またかいな!!…⑥
ここであたしが取り乱したらコタツ気い散らしてしまう。
あたしもガマンして黙って見とかなアカンねん。
そやけど……だんだんコタツも……ホンマに苦しいんや、うめき声出し始めた。
マルなんほとんど悲鳴に近い。
こんなん聞いてられへん。それでもあたしなんもでけへん……のやろか。
ちゃう、そんなことない。なんかあるはずや、おじいちゃんもよう言うとる。
誰でもそこに一緒におる以上は、なんか意味あるんやて。
そやったらあたしがここでできるいうたら……。
「コタツ! マル! ガンバリぃ! 絶対負けたアカン! 宇宙で一番スゴイ生きもんなんやろ!
チプロなんかに負けんといて!!」
あたしにできるいうたら応援くらいしかあらへん!
「……わ、分かっとる。このくらいでファリアロの究極生物がやられるかい!!」
「そ、そのとおりだ。我々はこのくらいでは負けない」
「あ、そや!! ケータイの光! ケータイの光浴びたら楽なるんちゃう!?」
あわててコタツらのいるほうに向けて写真撮ったけど、距離ありすぎて光届けへん。
「その装置がどうかしたのかね?」
「そうやねん艦長。コタツらこのケータイから出る光浴びたら元気になんねん」
「まさか、どのような光なのだ?」
「どっかに向けて撮ったら分かるんやろか?」
「画面に赤い光をだすのだな。それに向けて光を当ててくれれば解析するのだ」
画面のはじっこに光でたから、そこ向けて撮った。
「なるほど! これはファリアロの太陽に似た波長の光だな。
ニミツェリオリナンから代表たちに向けて光を照射するのだ」
艦長が答えた直後あっちこっちからチプロに向けて光照らされる。
「これは……誠恵か!」
「かなり楽になる。これなら続けられそうだ。感謝する誠恵殿」
「あたしちゃうで、ケータイの光分析した艦長がミニで照らしてくれとるんや」
「どっちにも感謝や。ツェプロドゥーファの誘導、絶対成功させたる!!」
「がんばってやコタツ! がんばってやマル!
がんばれ、がんばれ、がんばれー!!」
今は見た目でもチプロが早よ動いてるん分かる。もうひと息や。
あたしは必死で2人応援し続けた。
「……艦長、先ほどから気づいていたのですが……」
「報告するのだな。
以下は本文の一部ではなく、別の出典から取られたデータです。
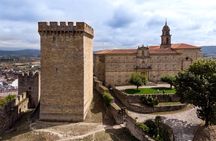 Tour from santaigo to Ribeira sacra with boat trip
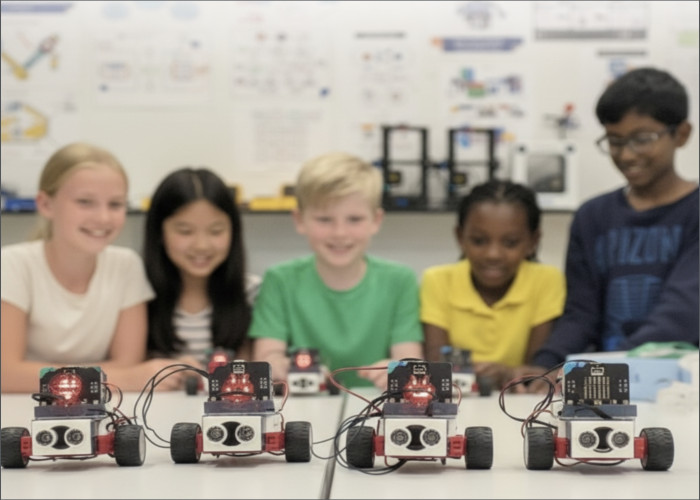STEM & Robotics Melbourne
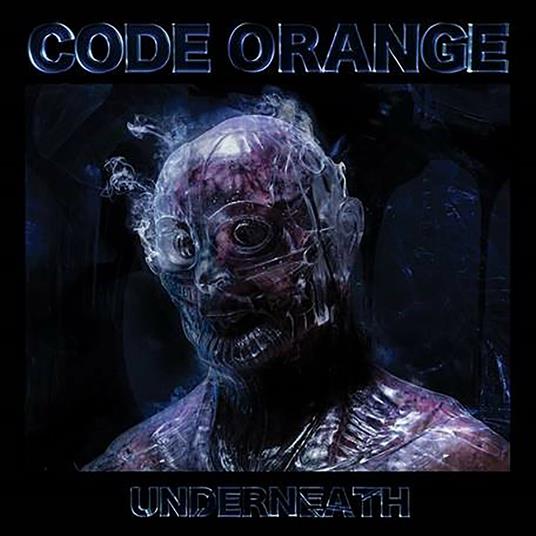 Underneath - CD Audio di Code Orange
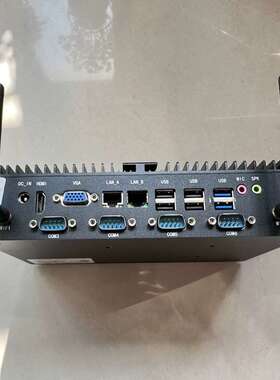 议价i7-5500u双i211千兆网口工业电脑 研盛M400SE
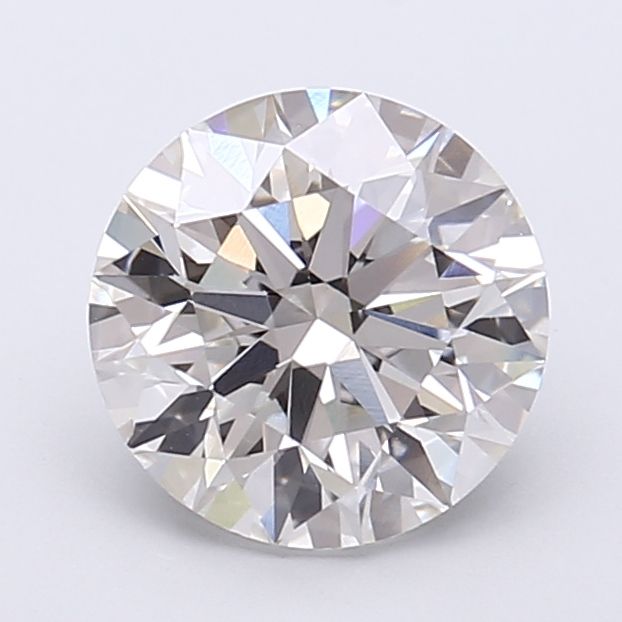 Lab Grown Diamond Lab-grown 2,09Ct G-VVS2 Round - IGILG788620317
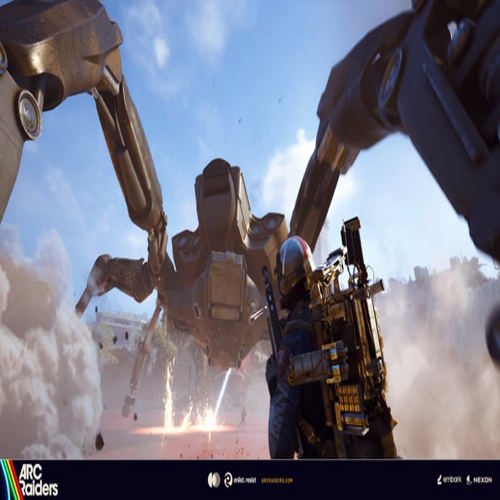 Arc Raiders phá kỷ lục Steam chỉ vài giờ sau khi ra mắt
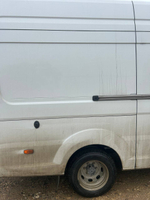 GAZ GAZELLE NEXT Цельнометаллический A31R35 (Бензин/Газ, 2,7 л, 107 л.с.)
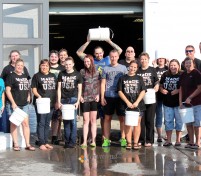 Townsend Leather joins in on the ALS Ice Bucket Challenge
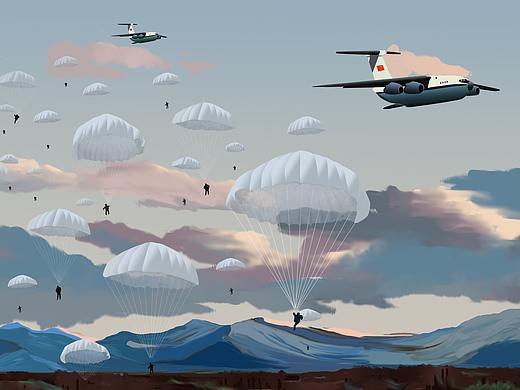 空降兵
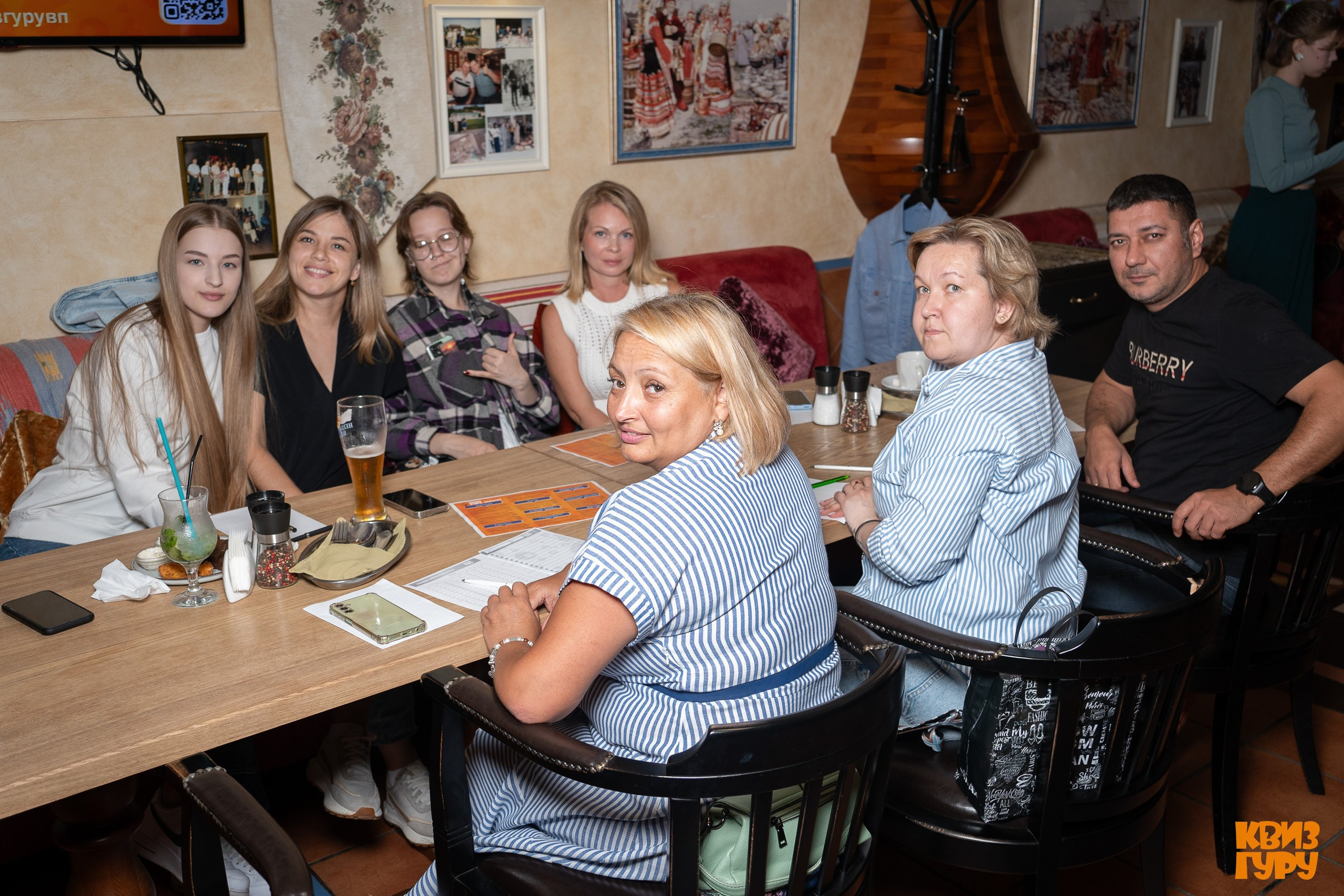 КВИЗ ГУРУ. Фотограф в Екатеринбурге Яна Круташова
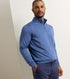 Peter Millar Perth Performance Quarter-Zip - Bali Blue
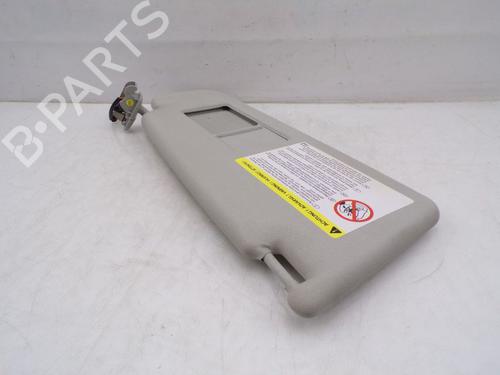 Right sun visor VW GOLF V (1K1) 1.6 | BP33156615I2  - Image 6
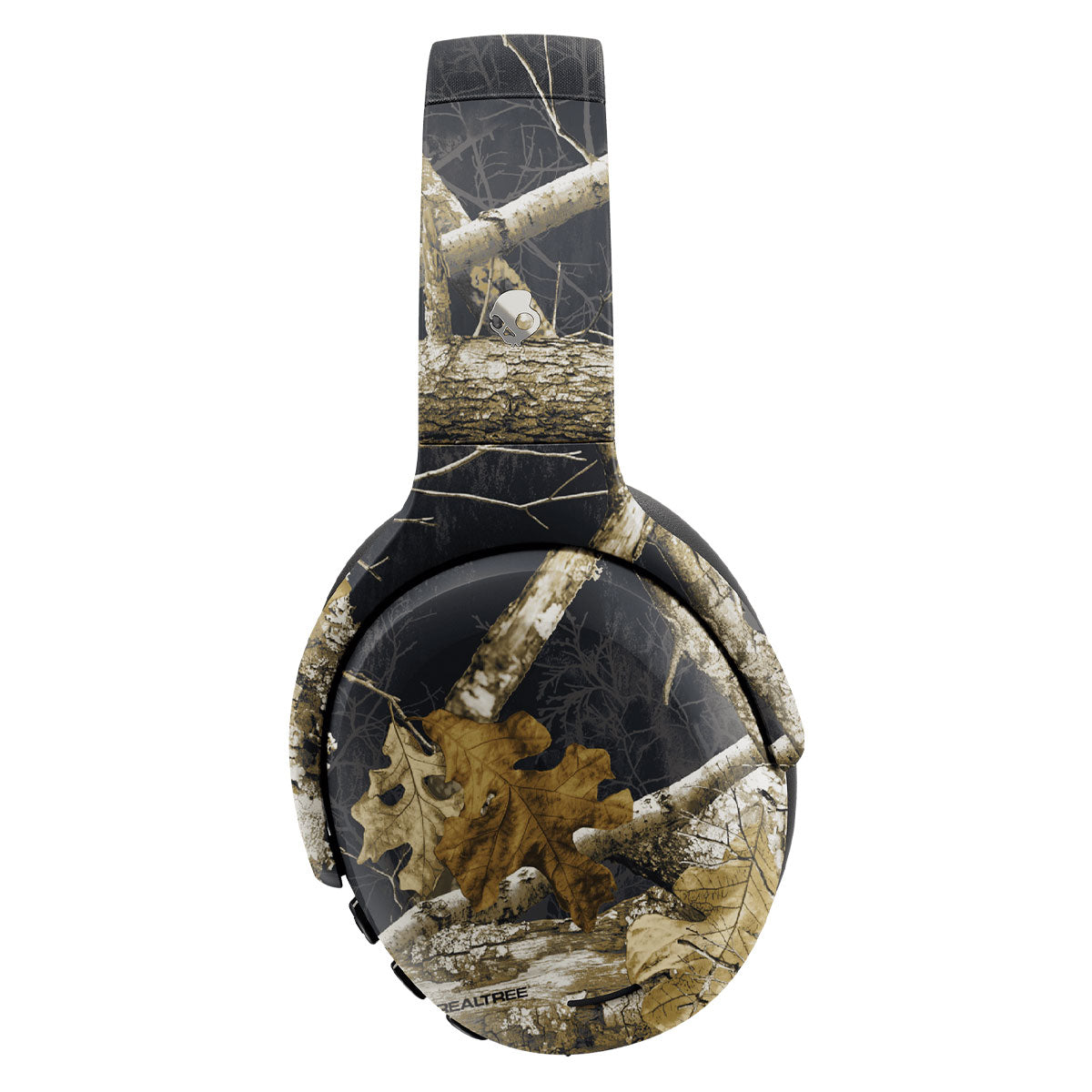 Skullcandy Crusher ANC 2 Wireless Headphones - Real Tree Edge Black image 3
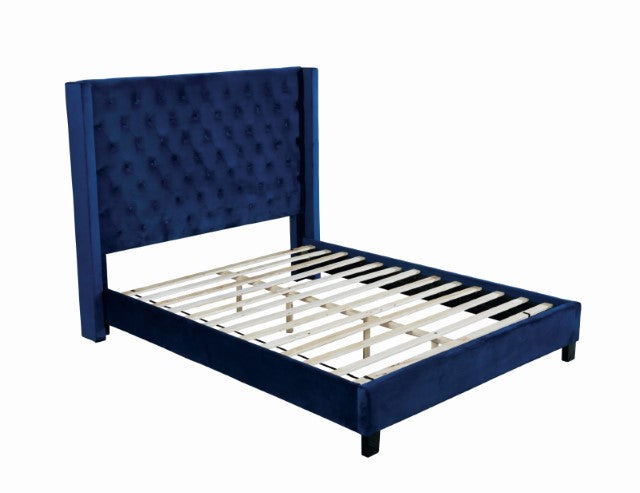 Ryleigh Bed Black, Grey, & Navy - Jay's Mattress Plus (NY)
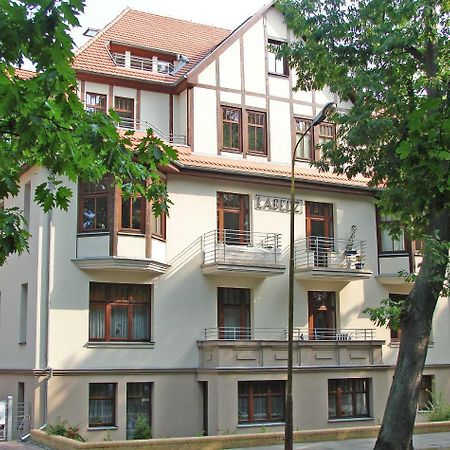 Apartamenty Swinoujscie - Labedz Экстерьер фото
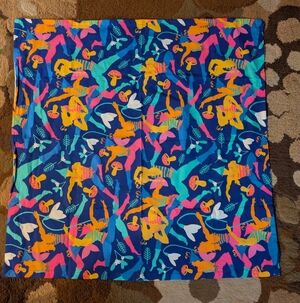 Rare Lush Dancing Pixies Knotwrap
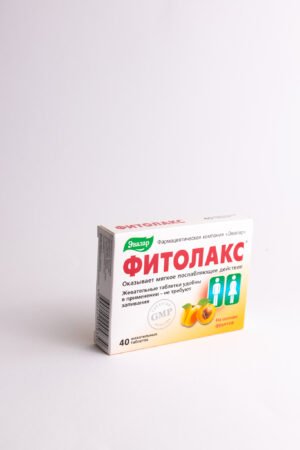 Maisto papildas vidurių užkietėjimui mažinti, 40 tablečių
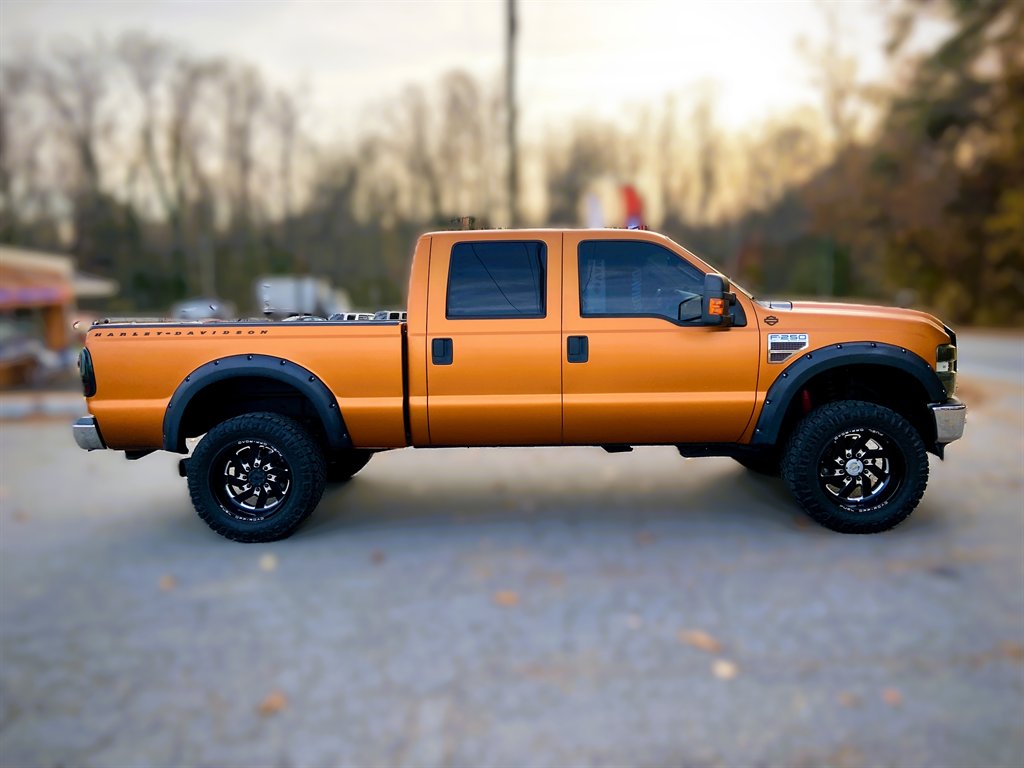 2010 Ford F-250 - $17,995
ツェプロドゥーファは刻一刻変化する。手遅れになってはならないのだ」
「ツェプロドゥーファの勢いが急速に衰えてきています」
「なに! 推測できる原因は?」
「光の照射と考えましたが、それ以前に一度勢力を弱めています。
誠恵殿が代表たちに向けて応援した時に一度……今も応援する度に少しずつ弱まっていきます」
「うむ、いったいどのような関係があるのだ」
「そうか誠恵! なんでもええから叫べ! 理由分からんけど、誠恵の声がツェプロドゥーファに影響しとるんや!」
エルの中にコタツの大声響き渡る。
「あたしの声? せやけど叫べって……応援やったらあかんの?」
「ええかもしれんけど、他の声の出し方とかでもっと効果的なんあるかもしれん。
なに叫んでええか分からんかったら、とりあえず歌え!!」
「う、歌あ!?」
「歌やったら継続して声聞かせられるやろ。誠恵がよう聞いてんのはeriseやったな?」
「そらerise好きやけど、せやけど歌は……」
「いけない、ツェプロドゥーファの勢力が再び増しているのだな!
このまま勢力が増せばニミツェリオリナンから届けている光が弱くなる。早くコタツ殿の言う通りにするのだな!!」
艦長が言うたとたん、またコタツらの苦しむ声聞こえてきた。
そや! あたしが躊躇してる場合やない!
ス〜〜〜ッっと息吸い込んでぇ……。
ボエ〜〜〜〜!!!
宇宙空間にメチャメチャ音痴のあたしの歌が響き渡った。